- TRY IT: In the entries below, which lines run from the one containing "Now, I need" to the one containing "Hello friends, we are"? Copy exactly those lines, ends included, and no others.

== DATASET EXTRACT ==

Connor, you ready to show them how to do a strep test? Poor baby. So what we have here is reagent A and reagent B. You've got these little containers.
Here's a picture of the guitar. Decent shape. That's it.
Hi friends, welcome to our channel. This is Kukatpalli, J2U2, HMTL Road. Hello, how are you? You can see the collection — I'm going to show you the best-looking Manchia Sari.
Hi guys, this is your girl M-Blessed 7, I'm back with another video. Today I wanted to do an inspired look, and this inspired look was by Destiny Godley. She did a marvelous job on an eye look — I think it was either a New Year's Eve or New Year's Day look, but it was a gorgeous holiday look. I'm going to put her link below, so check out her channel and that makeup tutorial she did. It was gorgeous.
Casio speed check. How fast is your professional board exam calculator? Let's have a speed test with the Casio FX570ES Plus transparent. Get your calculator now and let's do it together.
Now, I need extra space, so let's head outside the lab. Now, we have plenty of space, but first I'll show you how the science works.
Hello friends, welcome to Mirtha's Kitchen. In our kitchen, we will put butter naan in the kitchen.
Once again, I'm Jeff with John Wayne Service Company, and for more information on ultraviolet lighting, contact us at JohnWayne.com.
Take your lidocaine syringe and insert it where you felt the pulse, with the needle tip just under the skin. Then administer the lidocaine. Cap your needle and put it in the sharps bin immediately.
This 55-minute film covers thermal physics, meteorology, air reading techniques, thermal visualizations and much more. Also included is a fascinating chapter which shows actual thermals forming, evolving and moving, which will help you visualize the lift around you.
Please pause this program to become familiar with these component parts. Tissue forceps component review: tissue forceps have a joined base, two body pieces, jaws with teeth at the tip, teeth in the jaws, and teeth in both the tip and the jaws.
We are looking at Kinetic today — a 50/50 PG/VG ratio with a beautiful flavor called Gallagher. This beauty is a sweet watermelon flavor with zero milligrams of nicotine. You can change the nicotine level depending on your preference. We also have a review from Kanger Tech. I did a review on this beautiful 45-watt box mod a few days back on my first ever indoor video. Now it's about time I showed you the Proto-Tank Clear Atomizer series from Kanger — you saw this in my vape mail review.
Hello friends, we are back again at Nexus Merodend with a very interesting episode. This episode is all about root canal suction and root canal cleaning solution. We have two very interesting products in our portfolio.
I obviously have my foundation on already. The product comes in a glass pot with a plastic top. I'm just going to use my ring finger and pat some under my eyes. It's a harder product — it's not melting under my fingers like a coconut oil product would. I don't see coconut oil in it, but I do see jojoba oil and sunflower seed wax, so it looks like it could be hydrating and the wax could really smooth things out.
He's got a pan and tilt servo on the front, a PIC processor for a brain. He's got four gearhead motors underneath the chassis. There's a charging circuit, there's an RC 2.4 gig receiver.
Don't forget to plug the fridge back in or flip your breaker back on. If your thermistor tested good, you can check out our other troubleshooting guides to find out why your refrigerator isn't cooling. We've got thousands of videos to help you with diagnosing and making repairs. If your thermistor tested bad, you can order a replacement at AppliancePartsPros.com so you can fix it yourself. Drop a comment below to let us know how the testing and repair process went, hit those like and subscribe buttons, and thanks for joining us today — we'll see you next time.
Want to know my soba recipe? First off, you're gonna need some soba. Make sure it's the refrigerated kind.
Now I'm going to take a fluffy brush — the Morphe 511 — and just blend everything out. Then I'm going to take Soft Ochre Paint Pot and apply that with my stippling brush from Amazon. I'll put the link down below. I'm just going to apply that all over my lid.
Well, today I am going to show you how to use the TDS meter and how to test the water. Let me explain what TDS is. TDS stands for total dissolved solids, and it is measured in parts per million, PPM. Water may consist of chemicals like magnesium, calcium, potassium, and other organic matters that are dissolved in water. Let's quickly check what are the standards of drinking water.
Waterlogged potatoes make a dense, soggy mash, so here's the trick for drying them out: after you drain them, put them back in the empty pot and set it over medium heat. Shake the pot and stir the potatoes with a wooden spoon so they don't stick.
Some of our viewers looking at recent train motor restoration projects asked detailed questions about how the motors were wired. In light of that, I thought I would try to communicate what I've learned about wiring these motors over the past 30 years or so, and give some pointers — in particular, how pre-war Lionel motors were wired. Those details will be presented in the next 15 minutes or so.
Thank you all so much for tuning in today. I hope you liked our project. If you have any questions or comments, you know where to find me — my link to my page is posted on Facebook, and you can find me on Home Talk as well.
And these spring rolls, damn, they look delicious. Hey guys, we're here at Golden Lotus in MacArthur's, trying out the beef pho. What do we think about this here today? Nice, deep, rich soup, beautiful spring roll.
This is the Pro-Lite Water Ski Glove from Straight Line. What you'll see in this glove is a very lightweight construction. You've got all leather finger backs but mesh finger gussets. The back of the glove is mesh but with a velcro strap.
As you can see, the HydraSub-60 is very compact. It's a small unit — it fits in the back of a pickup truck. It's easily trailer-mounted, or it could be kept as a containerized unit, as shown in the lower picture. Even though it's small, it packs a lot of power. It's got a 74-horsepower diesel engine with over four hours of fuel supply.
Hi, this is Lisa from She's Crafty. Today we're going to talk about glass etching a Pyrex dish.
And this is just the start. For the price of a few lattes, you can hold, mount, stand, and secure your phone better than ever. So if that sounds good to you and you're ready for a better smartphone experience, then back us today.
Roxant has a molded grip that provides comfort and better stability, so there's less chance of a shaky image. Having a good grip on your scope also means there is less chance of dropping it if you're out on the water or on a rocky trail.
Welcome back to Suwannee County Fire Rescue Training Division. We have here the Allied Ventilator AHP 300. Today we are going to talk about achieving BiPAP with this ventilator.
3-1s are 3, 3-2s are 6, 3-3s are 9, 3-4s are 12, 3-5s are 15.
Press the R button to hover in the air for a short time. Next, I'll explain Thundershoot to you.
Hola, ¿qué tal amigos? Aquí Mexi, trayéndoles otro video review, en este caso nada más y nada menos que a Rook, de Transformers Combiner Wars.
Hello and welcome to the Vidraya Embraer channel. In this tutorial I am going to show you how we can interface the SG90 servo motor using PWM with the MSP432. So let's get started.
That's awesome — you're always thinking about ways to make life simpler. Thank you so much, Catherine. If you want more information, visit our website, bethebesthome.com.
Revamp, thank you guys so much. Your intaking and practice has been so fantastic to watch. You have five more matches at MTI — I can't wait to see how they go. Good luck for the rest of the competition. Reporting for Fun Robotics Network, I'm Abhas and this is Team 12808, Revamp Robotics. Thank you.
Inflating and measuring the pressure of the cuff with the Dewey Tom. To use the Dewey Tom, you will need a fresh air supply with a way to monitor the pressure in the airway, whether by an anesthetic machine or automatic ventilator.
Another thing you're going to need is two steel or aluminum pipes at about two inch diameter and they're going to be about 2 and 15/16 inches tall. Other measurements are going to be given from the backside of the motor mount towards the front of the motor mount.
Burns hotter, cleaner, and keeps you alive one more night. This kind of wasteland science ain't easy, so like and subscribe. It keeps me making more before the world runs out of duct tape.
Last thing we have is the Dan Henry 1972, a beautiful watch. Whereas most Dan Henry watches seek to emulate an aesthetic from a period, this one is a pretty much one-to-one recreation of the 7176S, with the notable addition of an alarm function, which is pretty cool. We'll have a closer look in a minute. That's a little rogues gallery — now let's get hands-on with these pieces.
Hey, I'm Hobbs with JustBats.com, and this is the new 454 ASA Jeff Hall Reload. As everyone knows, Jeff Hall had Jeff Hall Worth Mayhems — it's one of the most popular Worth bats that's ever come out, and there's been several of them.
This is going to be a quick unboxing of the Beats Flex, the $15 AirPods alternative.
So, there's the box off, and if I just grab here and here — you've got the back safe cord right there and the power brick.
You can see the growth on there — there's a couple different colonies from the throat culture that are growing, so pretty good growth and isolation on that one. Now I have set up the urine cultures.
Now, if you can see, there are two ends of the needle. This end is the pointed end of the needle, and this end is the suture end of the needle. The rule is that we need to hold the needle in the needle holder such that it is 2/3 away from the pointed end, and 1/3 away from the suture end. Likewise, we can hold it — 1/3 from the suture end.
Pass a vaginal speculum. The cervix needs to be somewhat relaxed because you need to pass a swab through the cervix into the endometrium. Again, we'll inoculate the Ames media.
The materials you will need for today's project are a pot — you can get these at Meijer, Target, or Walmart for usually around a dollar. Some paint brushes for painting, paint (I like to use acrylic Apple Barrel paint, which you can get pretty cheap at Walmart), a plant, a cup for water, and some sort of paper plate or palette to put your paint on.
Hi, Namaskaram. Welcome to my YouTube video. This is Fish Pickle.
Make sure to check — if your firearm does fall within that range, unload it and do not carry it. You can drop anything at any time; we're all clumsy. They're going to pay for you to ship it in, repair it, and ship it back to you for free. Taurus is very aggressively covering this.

===

- TASK RESPONSE:
Now, I need extra space, so let's head outside the lab. Now, we have plenty of space, but first I'll show you how the science works.
Hello friends, welcome to Mirtha's Kitchen. In our kitchen, we will put butter naan in the kitchen.
Once again, I'm Jeff with John Wayne Service Company, and for more information on ultraviolet lighting, contact us at JohnWayne.com.
Take your lidocaine syringe and insert it where you felt the pulse, with the needle tip just under the skin. Then administer the lidocaine. Cap your needle and put it in the sharps bin immediately.
This 55-minute film covers thermal physics, meteorology, air reading techniques, thermal visualizations and much more. Also included is a fascinating chapter which shows actual thermals forming, evolving and moving, which will help you visualize the lift around you.
Please pause this program to become familiar with these component parts. Tissue forceps component review: tissue forceps have a joined base, two body pieces, jaws with teeth at the tip, teeth in the jaws, and teeth in both the tip and the jaws.
We are looking at Kinetic today — a 50/50 PG/VG ratio with a beautiful flavor called Gallagher. This beauty is a sweet watermelon flavor with zero milligrams of nicotine. You can change the nicotine level depending on your preference. We also have a review from Kanger Tech. I did a review on this beautiful 45-watt box mod a few days back on my first ever indoor video. Now it's about time I showed you the Proto-Tank Clear Atomizer series from Kanger — you saw this in my vape mail review.
Hello friends, we are back again at Nexus Merodend with a very interesting episode. This episode is all about root canal suction and root canal cleaning solution. We have two very interesting products in our portfolio.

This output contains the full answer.